------ INFORMATION SUPPLIED ------
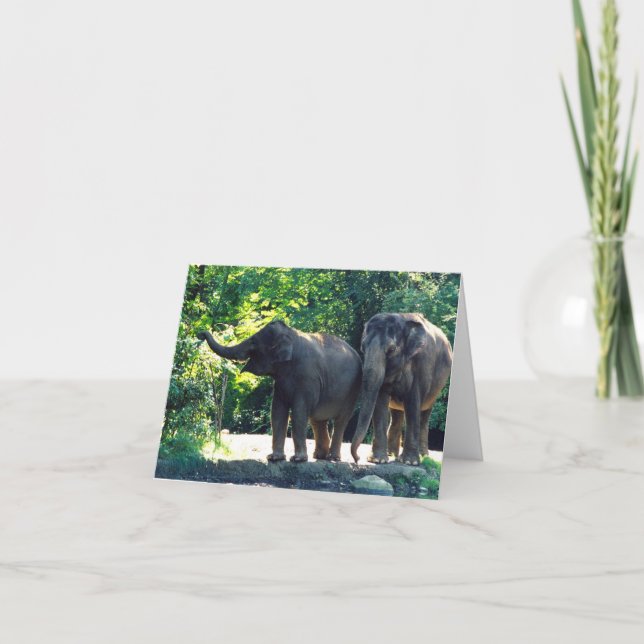 Save Our Planet notecard featuring elephants (Front)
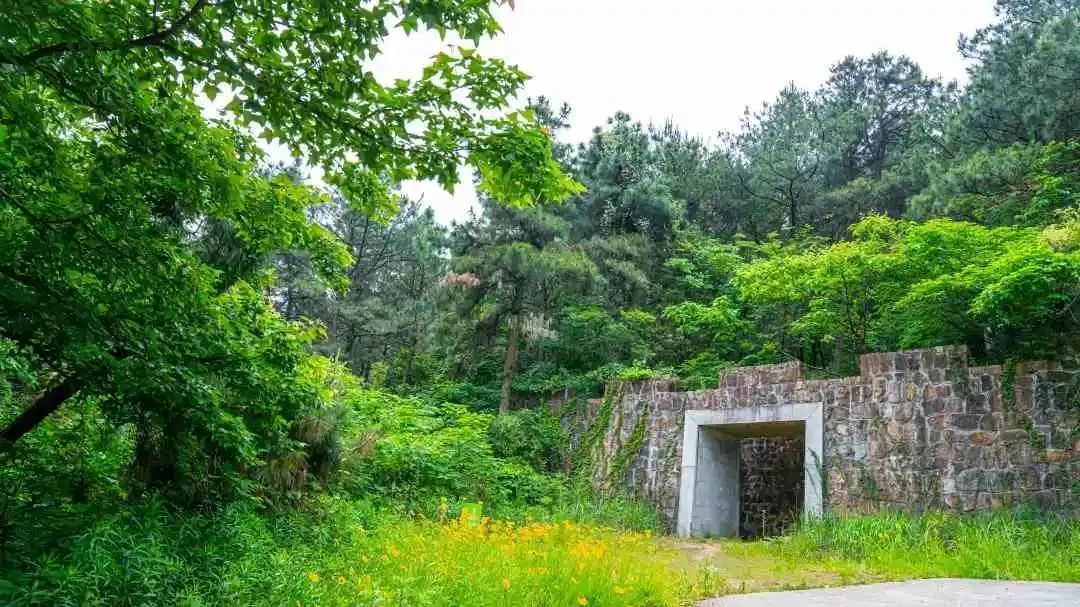 吴中登山步道“上新”！安排！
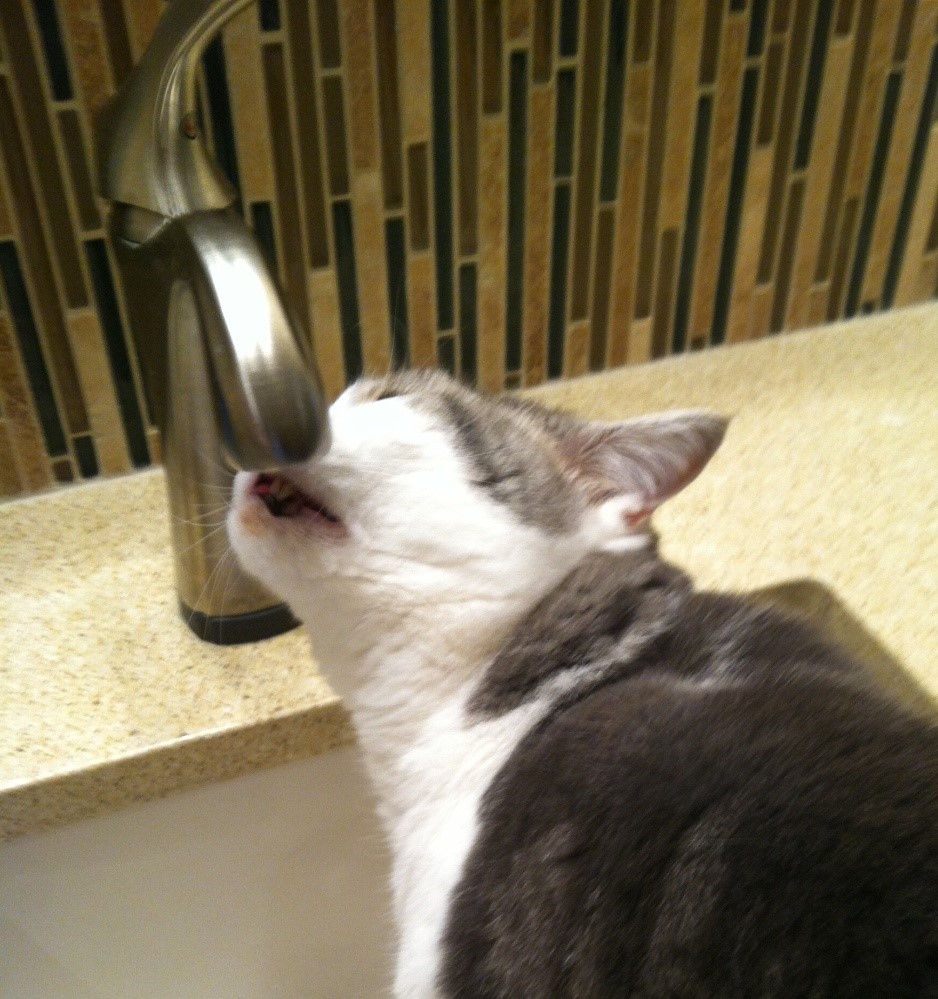 cat with water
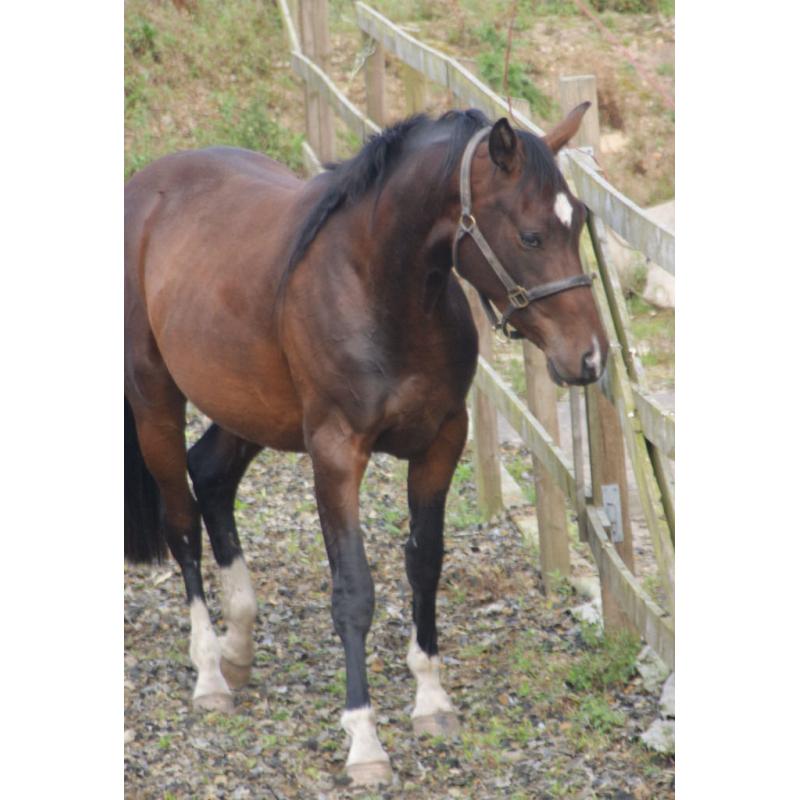 OUTSTANDING QUALITY PERFORMANCE BRED 2.5yo FILLY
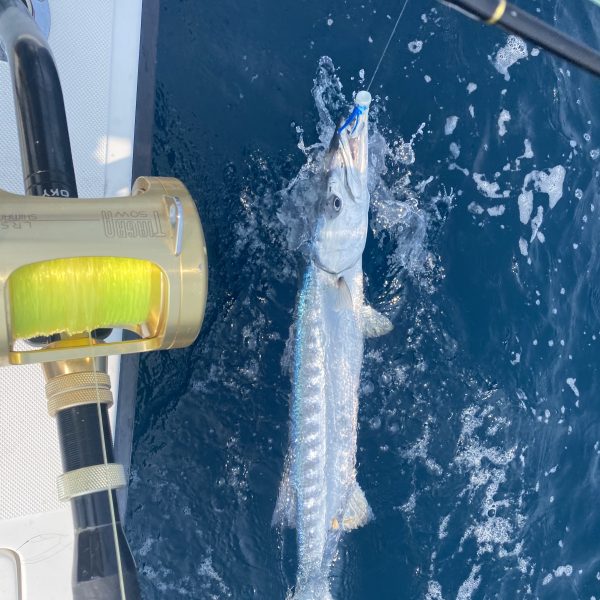 barracuda caught off shore near Charleston, South Carolina with Short Skirts Sportfishing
------
Only the lines from the one holding "OUTSTANDING QUALITY PERFORMANCE" to the last line of the entries above should be printed, exactly as they appear and with no pictures.

 OUTSTANDING QUALITY PERFORMANCE BRED 2.5yo FILLY
 barracuda caught off shore near Charleston, South Carolina with Short Skirts Sportfishing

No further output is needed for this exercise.